De fato, a Escritura ordena com grande ênfase que os crentes vivam em santidade, vigilância e amor pela vinda de Cristo. Mas essas atitudes são evidências e frutos da salvação — não a base pela qual alguém conquista ou mantém as bênçãos fundamentais prometidas a todos os que estão em Cristo.

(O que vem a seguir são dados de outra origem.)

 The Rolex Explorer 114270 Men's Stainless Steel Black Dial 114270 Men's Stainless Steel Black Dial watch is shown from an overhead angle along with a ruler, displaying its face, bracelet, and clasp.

3.3 Fratura a Unidade do Corpo de Cristo
Paulo enfatiza que a igreja é um só corpo:
“Porque, assim como o corpo é um e tem muitos membros, e todos os membros, sendo muitos, constituem um só corpo, assim também com respeito a Cristo. Pois, em um só Espírito, todos nós fomos batizados em um corpo…”
— 1 Coríntios 12.12–13
O batismo no Espírito — a obra pela qual os crentes são inseridos no corpo de Cristo — é a experiência comum de todos os salvos nesta era. Não há uma categoria ontologicamente distinta de segunda classe dentro do corpo.
Imaginar que o corpo de Cristo será dividido no Arrebatamento — alguns membros levados, outros deixados — é rasgar aquilo que Deus uniu. Se o Cabeça vem buscar o Seu corpo, Ele leva o corpo inteiro, não apenas os membros mais honrosos.
Como observou um crítico, a visão do arrebatamento parcial precisa “negar a doutrina … da unidade do corpo de Cristo”, ao dividir a igreja em membros aptos e não aptos para o Arrebatamento.
3.4 Implica em Múltiplas e Fragmentadas “Primeiras Ressurreições”
Defensores do arrebatamento parcial frequentemente postulam uma série de mini-arrebatamentos ao longo da Tribulação, à medida que diferentes grupos de crentes se tornam espiritualmente “prontos”. Isso leva a uma sequência interminável de “primeiras ressurreições” fragmentadas, para as quais a Escritura não oferece apoio explícito.
Em contraste, Apocalipse 20.4–6 apresenta a “primeira ressurreição” como uma categoria coletiva que abrange todos os justos, em contraste com a ressurreição dos ímpios ao final do Milênio. Dentro dessa categoria, há estágios (Cristo, as primícias; santos da Igreja no Arrebatamento; mártires da Tribulação, etc.), mas ainda se trata de uma classe unificada concedida a todos os redimidos, não de uma experiência distribuída em parcelas, conforme diferentes níveis de santificação.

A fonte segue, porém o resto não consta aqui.